_What to produce:_ Dropping every picture, set down exactly the lines in the entries below, starting with the line with "image for item" and going on through the line with "BMW cuts me".

_Data for analysis:_
━━━━━━━━━━
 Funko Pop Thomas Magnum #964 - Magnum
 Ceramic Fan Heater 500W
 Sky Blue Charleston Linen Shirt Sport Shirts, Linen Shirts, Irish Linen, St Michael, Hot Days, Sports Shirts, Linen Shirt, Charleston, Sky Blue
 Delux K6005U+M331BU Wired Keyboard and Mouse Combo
━━━━━━━━━━
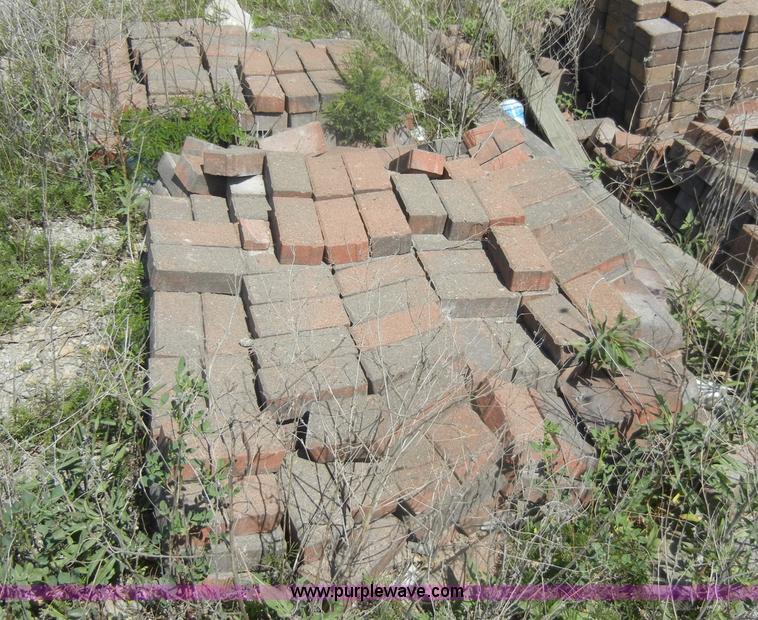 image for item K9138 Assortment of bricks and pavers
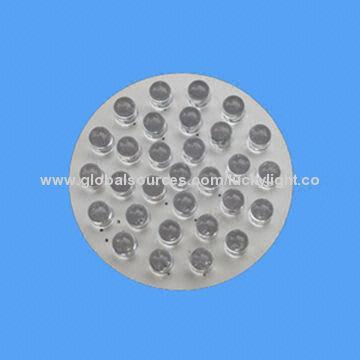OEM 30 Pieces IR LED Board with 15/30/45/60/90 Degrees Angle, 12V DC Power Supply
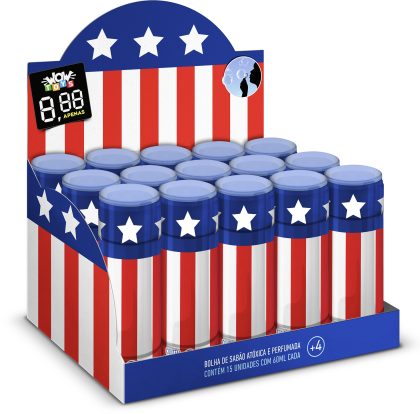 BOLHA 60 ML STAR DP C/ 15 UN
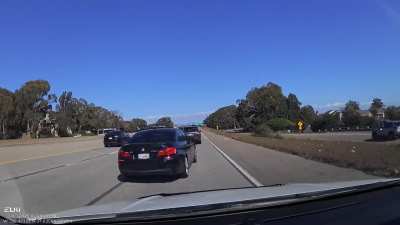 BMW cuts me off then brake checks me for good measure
━━━━━━━━━━
_Written solution:_
 image for item K9138 Assortment of bricks and pavers
OEM 30 Pieces IR LED Board with 15/30/45/60/90 Degrees Angle, 12V DC Power Supply
 BOLHA 60 ML STAR DP C/ 15 UN
 BMW cuts me off then brake checks me for good measure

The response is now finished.